You know the old saying about opposites attracting?
Well no truer words have even been spoken when describing my husband and myself.
Time was I was an evening person and he was a morning person. Somehow over the past twenty years we seemed to have swapped those roles.
In the beginning he was the money man. He took care of the bills and the check book and I was fine with that. During an interesting two years where he lived on the road for his job that responsibility fell to me. After he was back home, and no longer wandering for work I kept the job. Why? I really have no idea.
Our roles have always been pretty clearly defined in our relationship and I don't mean he gets to wear the pants, as long as I get to pick them out. Even though he does and I do. But it dawned on me today that this really is a great example of the more things change the more they stay the same.
We have a great harmony in our lives that we have cultivated over a twenty year period. On the days that his temper spikes I am right there to be little Miss Sunshine and on the days that I feel my head about ready to pop nobody and I mean nobody can bring me down faster.
When I think of how I have spent the last almost quarter of a century and how different my life would have been if I had made even one different choice I find myself getting a little romantic and waxing poetic about destiny. So many things could have turned out differently.

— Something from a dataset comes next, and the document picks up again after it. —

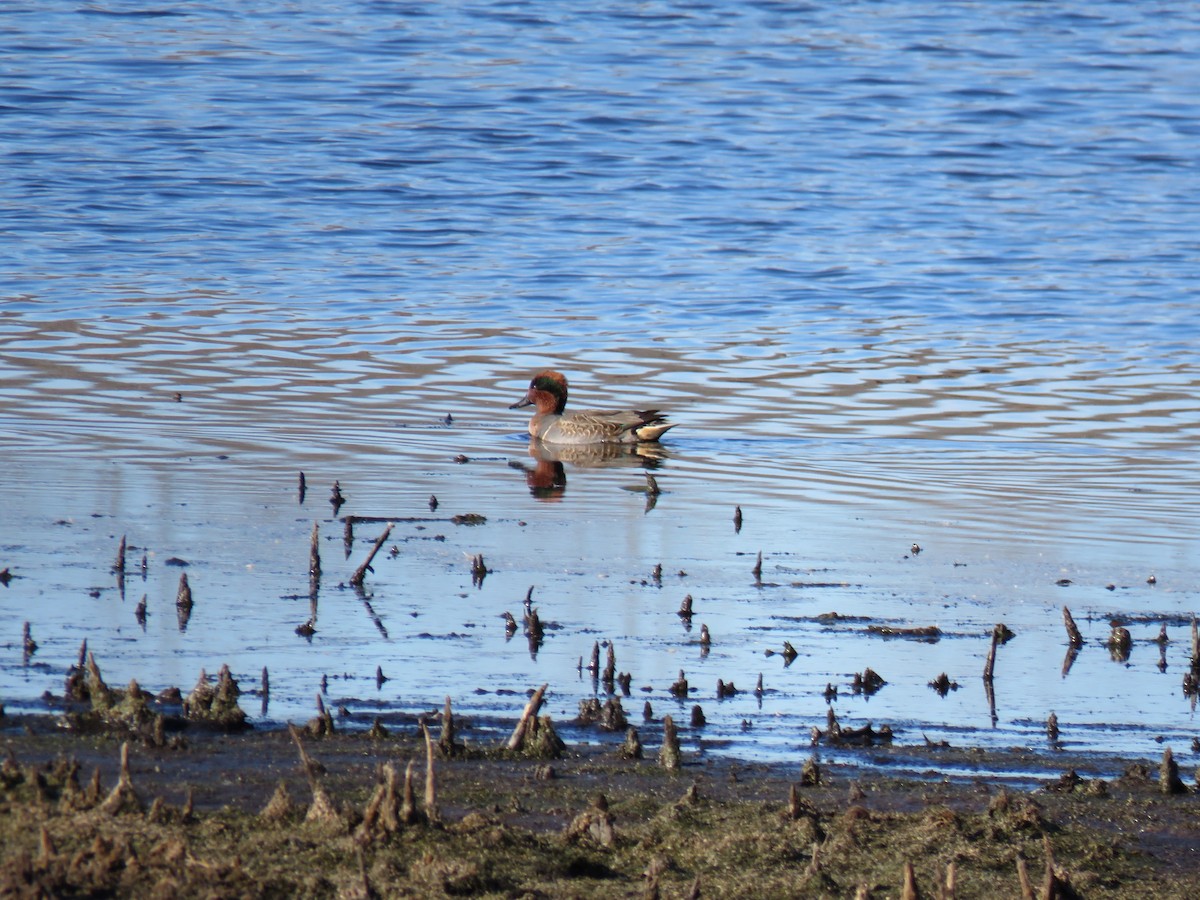 Zertzeta arrunta - ML644655625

While my life may be small in comparison to others, I find that I am okay with that. Am I where I want to be right now in the life I had planned for myself all those years ago when I was a kid growing up in the inner city of Baltimore? Oddly enough, it wasn't the life I saw for myself but exactly the one I want. I find that I wouldn't trade it or him for anything. No, he's not perfect, but he is perfect for me and for some reason I just wanted to share that with you guys today.
So. Married? In a long term relationship? What is it about you and your significant other that had kept it going. I find that I really do want to know.